Chinese Crypto Market Thrives Covertly Despite Crackdowns

Chinese Crypto

Big government regulators, including those overseeing Chinese crypto, have been struggling to get their heads wrapped around the freedoms offered by the world of cryptocurrencies.

Major world power bureaucrats, including US and EU regulators along with their Chinese counterparts, have been grappling with the same issue. They are all trying to control the uncontrollable rapid rise in blockchain and cryptocurrency adoption. 

On the other hand, legislators from smaller countries and larger emerging economies have been far more accepting of this new technology’s benefits for their financial markets. Countries such as the United Arab Emirates, El Salvador, Slovenia, Singapore, and many others have been rushing towards embracing this new technology.

As far as the largest nations are concerned, China, in particular, has the economic power to rapidly accelerate the adoption of cryptocurrencies on a global scale. The question is are they going to allow this technology to blossom or will Beijing continue to try to stifle this dynamic financial innovation?

The History of Chinese Crypto is one of Resilience and Innovation 

In 2012, with the global fascination in cryptocurrencies just beginning to rise, China’s crypto market emerged as a front-runner. Bitcoin became a popular trading asset, with the nation’s investors driving substantial market demand. 

The period between 2012 and 2021 saw significant fluctuations in the crypto market, with China often at the epicenter. The trading volume of Bitcoin in China rapidly grew, leading the country to be recognized as a major player on the world stage, alongside the U.S.

However, from Beijing’s perspective, cryptocurrencies empowered non-state actors. This increased the potential for systemic financial turbulence and disorder. This concern stemmed from Chinese crypto’s potential to hide capital outflows and facilitate money laundering.

When the Chinese government intensified its crackdown on cryptocurrencies, including banning crypto exchanges and Initial Coin Offerings (ICOs) in 2017, many feared it would spell the end for the burgeoning market. However, the reality was far from it. Instead of collapsing, the Chinese crypto community adapted, seeking alternative methods to engage with digital assets.

In 2021, China intensified its crackdown on cryptocurrencies with a comprehensive document signed by 10 official bodies, outlining a broad array of restrictions. This document clarified that virtual currencies did not possess the same legal status as fiat currency, effectively declaring Bitcoin and other digital currencies as not legal tender within China. 

It categorized virtual currency-related business activities as illegal financial operations. Furthermore, it prohibited exchange businesses from buying and selling virtual currencies as central counterparties. It also attempted to bar overseas virtual currency exchanges from offering services to Chinese residents via the Internet.

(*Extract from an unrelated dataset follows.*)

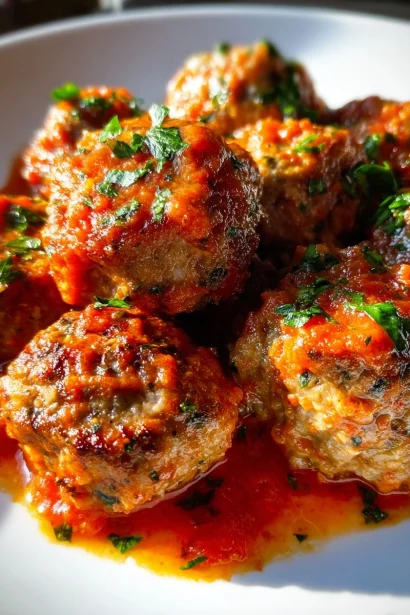 Authentic Italian Meatballs with Tomato Sauce Recipe (50 Min) – Family Favorite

Related: BRICS Blockchain May Unleash End to Dollar’s Reign

Chinese Crypto Regulation Loopholes and Covert Workarounds

Despite the extensive crackdown, especially on domestic crypto mining in 2021, there remain significant loopholes in the regulations. Notably, the 2021 directives do not seem to prevent individuals from holding cryptocurrencies or engaging in peer-to-peer trading. 

Moreover, an important section of the document highlights the legal risks associated with participating in virtual currency investments and trading. This section indicates that any losses incurred from such activities, especially those that contravene public order and morals, will not be entertained by the government. This suggests a tacit acknowledgment of individual crypto activities, drawing a line between what is unprotected by law and what is outright banned.

Chinese Crypto and Blockchain

Despite the regulations, China saw substantial investments pour into the industry. Blockchain technology gained recognition not only for its financial applications but also for its potential to revolutionize various sectors. By 2021, China’s impact on Bitcoin’s valuation had become globally acknowledged. Blockchain market trends are now often directly linked to the country’s overall investor activity and regulatory environment.

One of the key strategies employed by the Chinese crypto industry has been to move operations offshore while still catering to Chinese investors. Exchanges and ICOs rebranded and relocated, establishing bases in more crypto-friendly jurisdictions.

However, they continued to serve the Chinese market through virtual private networks (VPNs) and other means that obscure users’ locations. This shift allowed Chinese crypto activities to continue, albeit in a more covert manner.

Popular Platforms and Locations for Trading Chinese Cryptocurrencies

Traders in China have pivoted to foreign and peer-to-peer platforms that can circumvent local restrictions. Currently, Bitcoin (BTC) and Ethereum (ETH) remain the most sought-after cryptocurrencies among Chinese traders, despite the government’s ban. 

Additionally, altcoins such as XRP, Solana, and Tron are also gaining traction within the underground markets due to their growing global presence and innovative technologies. Market demand for these digital assets persists, reflecting the robust interest in blockchain technologies and their potential.

As direct cryptocurrency transactions face government scrutiny, traders and enthusiasts are exploring innovative payment solutions. Cryptocurrency transactions often occur through intermediaries or third-party services outside mainland China, such as in Hong Kong, which serves as a hub for crypto activities. 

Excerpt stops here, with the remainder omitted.